● **TASK TO CARRY OUT**
Your answer must be exactly the lines from the one containing "Bandera de Países" through the end of the material, both ends included, without pictures.

━━━━━ DATA SECTION ━━━━━

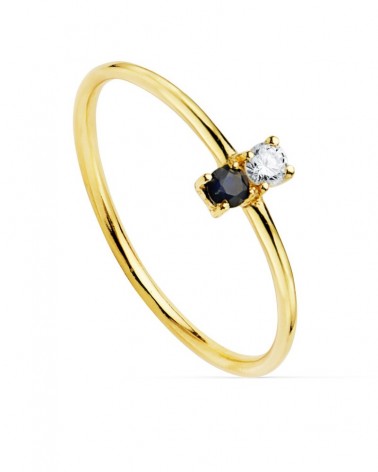 Sortija oro 18k diamante laboratorio zafiro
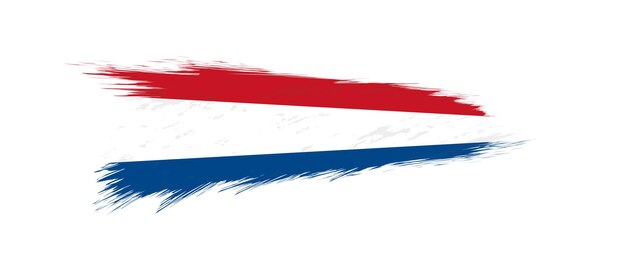 Bandera de Países Bajos en trazo de pincel grunge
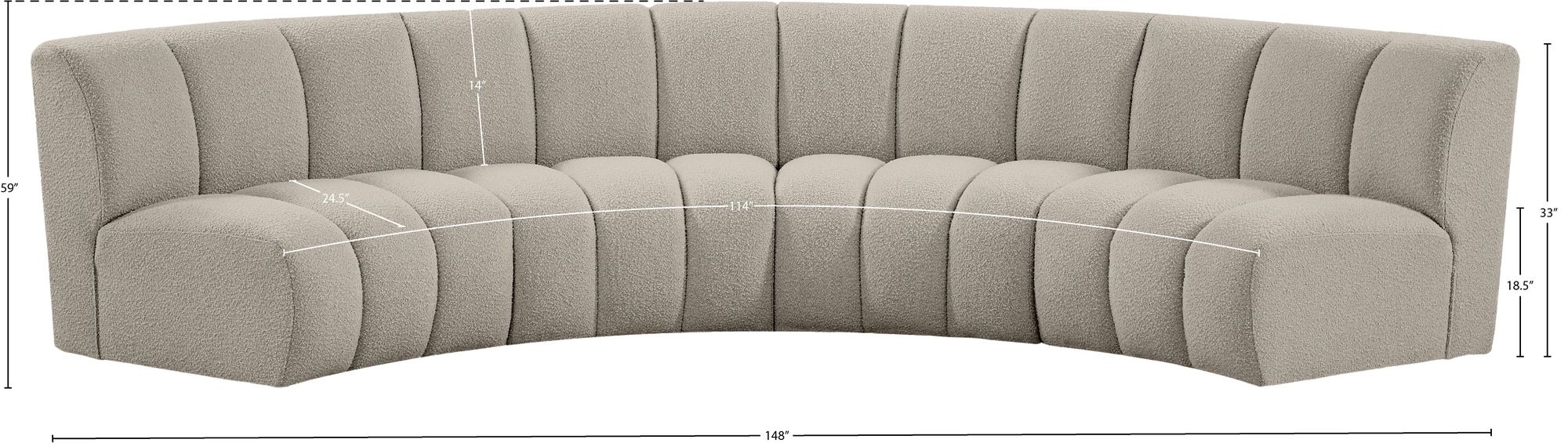 Infinity 148" 4-Piece Velvet Modular Sectional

━━━━━

● **SOLUTION TO THIS EXERCISE**
 Bandera de Países Bajos en trazo de pincel grunge
 Infinity 148" 4-Piece Velvet Modular Sectional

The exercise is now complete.